Non starò qui a ripetere quel che più volte è stato detto, e che del resto lo stesso Tessore richiama nella sua Nota iniziale, a proposito del genere epistolografico tra VIII e IX secolo, del ruolo coperto dagli scambi epistolari nella cultura e nella diplomazia del tempo, delle cognizioni e dell'abilità di Carlo come epistolografo e come "scrittore". È noto che Carlo era senza dubbio alcuno — e al di là delle opere che gli sono state attribuite, e di che cosa significasse, nel suo tempo, essere "autore" — un uomo colto: nel senso che amava le questioni legate a molti aspetti del sapere, che usava ascoltare le dispute fra i dotti riuniti nella sua corte e prendervi anche parte, che era abituato a farsi leggere lunghi passi delle Scritture e di opere teologiche, scientifiche e letterarie ed era anche in grado di leggerle direttamente.
Un quadro che senza dubbio consente di poter definire colto un regnante dell'VIII-IX secolo detentore di questi interessi e di queste capacità. Il sapere scrivere non era affatto immediatamente e necessariamente collegato né agli uni, né alle altre: esso era una forma di attività tecnica a carattere specialistico, considerata propria oltretutto anche di determinate categorie di persone; attività onorevole e raffinata del resto, magari circondata di rispetto e di un alone quasi magico (il rapporto fra scrittura, sacralità e magia è noto, e precede di parecchio il cristianesimo), tipica peraltro di esecutori, di funzionari, di chierici, di subalterni.
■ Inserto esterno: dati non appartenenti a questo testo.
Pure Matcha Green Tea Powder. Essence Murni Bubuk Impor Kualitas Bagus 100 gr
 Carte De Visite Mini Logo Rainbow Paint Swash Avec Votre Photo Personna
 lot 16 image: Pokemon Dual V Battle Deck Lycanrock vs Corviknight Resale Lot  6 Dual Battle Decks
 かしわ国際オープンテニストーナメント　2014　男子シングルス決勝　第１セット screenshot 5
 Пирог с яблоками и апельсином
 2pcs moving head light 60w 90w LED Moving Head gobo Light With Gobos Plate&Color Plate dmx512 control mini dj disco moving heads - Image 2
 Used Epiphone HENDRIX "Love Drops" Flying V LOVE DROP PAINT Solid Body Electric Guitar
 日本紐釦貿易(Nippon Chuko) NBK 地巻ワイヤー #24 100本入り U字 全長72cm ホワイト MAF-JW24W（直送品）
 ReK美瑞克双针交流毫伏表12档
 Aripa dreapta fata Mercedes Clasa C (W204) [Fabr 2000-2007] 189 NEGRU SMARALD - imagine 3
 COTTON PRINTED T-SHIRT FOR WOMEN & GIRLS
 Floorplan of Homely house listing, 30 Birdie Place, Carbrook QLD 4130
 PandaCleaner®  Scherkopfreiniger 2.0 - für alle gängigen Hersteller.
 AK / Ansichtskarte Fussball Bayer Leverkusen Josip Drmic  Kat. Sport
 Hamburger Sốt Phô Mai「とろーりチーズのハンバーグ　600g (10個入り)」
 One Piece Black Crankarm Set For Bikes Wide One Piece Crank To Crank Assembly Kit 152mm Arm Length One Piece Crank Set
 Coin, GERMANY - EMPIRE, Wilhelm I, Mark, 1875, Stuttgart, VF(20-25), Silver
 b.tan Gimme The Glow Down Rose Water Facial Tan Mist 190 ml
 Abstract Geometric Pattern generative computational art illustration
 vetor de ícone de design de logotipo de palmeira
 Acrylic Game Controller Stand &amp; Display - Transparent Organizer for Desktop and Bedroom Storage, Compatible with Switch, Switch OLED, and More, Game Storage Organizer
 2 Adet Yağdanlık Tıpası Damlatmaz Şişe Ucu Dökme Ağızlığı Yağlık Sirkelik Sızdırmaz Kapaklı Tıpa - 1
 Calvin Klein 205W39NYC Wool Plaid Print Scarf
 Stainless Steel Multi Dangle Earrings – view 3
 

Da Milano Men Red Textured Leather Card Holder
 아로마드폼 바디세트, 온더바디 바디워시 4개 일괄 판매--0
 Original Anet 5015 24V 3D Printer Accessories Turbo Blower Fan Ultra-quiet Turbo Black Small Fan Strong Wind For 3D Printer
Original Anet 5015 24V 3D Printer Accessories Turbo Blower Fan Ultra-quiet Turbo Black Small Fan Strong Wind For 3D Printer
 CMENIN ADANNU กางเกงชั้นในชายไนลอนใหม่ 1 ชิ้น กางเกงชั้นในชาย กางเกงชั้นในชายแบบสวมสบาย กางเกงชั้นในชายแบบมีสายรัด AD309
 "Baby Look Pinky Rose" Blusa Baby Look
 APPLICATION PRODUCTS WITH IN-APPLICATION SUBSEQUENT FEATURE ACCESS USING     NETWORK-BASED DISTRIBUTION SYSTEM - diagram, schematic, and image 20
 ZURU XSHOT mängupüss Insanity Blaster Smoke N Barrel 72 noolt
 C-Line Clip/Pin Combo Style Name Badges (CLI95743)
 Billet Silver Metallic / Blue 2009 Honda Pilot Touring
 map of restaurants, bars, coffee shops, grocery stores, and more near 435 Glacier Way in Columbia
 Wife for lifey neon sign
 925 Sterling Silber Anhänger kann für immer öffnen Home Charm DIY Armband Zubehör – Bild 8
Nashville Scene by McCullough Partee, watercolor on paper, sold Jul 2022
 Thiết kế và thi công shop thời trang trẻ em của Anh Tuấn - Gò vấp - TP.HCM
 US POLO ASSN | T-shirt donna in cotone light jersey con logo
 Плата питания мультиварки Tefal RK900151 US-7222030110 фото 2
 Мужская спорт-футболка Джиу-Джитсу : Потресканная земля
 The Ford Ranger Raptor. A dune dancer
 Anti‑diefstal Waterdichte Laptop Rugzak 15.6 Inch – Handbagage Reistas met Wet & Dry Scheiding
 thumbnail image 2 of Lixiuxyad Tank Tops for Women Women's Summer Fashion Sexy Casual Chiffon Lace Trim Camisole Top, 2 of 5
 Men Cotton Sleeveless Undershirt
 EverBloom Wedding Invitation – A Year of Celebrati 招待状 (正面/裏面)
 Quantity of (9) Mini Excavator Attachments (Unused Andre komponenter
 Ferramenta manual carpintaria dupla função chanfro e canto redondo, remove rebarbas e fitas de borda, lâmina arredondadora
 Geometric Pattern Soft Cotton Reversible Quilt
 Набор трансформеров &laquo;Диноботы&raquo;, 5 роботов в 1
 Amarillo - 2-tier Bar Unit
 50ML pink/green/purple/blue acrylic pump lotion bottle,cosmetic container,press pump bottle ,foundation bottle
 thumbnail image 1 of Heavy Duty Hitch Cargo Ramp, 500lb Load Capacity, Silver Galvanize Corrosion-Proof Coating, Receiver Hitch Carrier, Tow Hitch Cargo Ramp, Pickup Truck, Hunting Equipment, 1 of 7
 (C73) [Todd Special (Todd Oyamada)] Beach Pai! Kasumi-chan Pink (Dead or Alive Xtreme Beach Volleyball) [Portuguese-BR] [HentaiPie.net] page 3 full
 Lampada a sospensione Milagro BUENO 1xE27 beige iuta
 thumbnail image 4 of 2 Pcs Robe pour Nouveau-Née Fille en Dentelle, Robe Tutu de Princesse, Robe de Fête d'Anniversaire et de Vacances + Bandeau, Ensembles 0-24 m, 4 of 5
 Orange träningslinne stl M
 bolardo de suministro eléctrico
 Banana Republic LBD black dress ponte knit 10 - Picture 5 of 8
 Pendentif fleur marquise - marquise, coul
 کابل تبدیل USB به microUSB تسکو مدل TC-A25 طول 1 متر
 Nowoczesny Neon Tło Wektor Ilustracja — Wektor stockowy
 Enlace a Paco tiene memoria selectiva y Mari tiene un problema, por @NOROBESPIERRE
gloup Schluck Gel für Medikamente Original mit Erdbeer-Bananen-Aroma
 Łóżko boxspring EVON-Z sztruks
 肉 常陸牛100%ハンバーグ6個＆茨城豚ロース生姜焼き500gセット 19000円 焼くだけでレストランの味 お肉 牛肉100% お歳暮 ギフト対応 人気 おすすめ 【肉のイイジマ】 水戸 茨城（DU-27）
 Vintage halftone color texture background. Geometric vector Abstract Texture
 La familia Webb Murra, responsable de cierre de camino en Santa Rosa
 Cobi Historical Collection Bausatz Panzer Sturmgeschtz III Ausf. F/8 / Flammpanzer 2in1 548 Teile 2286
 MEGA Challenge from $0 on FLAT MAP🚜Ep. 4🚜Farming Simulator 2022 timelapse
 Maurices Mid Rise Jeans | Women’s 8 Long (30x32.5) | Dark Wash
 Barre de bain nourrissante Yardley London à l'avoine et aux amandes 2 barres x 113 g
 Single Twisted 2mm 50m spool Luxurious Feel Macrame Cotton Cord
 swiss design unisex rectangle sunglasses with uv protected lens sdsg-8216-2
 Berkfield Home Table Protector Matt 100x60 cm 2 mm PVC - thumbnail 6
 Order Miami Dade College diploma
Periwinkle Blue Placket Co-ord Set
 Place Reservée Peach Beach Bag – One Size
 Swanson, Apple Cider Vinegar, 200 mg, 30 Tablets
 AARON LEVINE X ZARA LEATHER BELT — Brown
Ancora per molti secoli sarebbe stato considerato impensabile, bizzarro, disdicevole per un sovrano lo scrivere direttamente qualcosa: e in un certo senso, a livello pubblico e ufficiale, tale mentalità permane ai nostri giorni, fatte le debite differenze tecniche e culturali.
Ma Carlo, che senza dubbio non scriveva materialmente le "sue" lettere, almeno le dettava, con tutta la densità di significato concettuale e stilistico che nel suo tempo si attribuiva alla parola, appunto, dictare?
Certo, le "sue" lettere non erano tali nello stesso senso in cui erano dei rispettivi autori, reali o immaginari, quelle di Iacopo Ortis o di Simone Weil. Ma neppure nel senso in cui ad Abelardo e ad Eloisa apparteneva il loro celebre epistolario. Il confronto — nella consapevolezza che i confronti non sono mai perfetti — va fatto semmai con le lettere che ancor oggi si scambiano talvolta i capi di Stato in appoggio e a complemento di scelte politiche e diplomatiche. Le lettere di Carlo erano frutto di un'idea di base che senza dubbio apparteneva quasi più o meno tutta al sovrano; ma anche di circostanze e di fasi di elaborazione in cui a vario titolo entravano consiglieri e funzionari prima che si passasse alla fase stilistica e materiale della vera e propria stesura.
Non è dunque la traccia del sentire di Carlo che va seguita in queste lettere. Esse sono semmai il segno e il frutto di un'attività di governo e anche, talvolta, di un pensiero che va oltre la politica, fino a toccare la fede, la morale, magari l'estetica. Che poi, al di là della pubblica persona e del filtro costituito dai consiglieri, dagli accorgimenti stilistici e retori ci, dagli scribi, dai copisti e magari dagli editori e dai traduttori moderni, il lettore abbia qua e là anche la sensazione d'intravedere qualcosa del "vero" Carlo, di lui come persona diciamo così privata, è cosa dinanzi alla quale — quand'essa insorga — lo storico e il filologo non possono non reagire invitando alla prudenza. Ma non è detto che talora il lettore magari non medievista, magari perfino ingenuo e sprovveduto, non riesca a vedere in modo più profondo e più acuto dello specialista. Semmai, è difficile se non impossibile, in casi del genere, dimostrare che ciò sia avvenuto.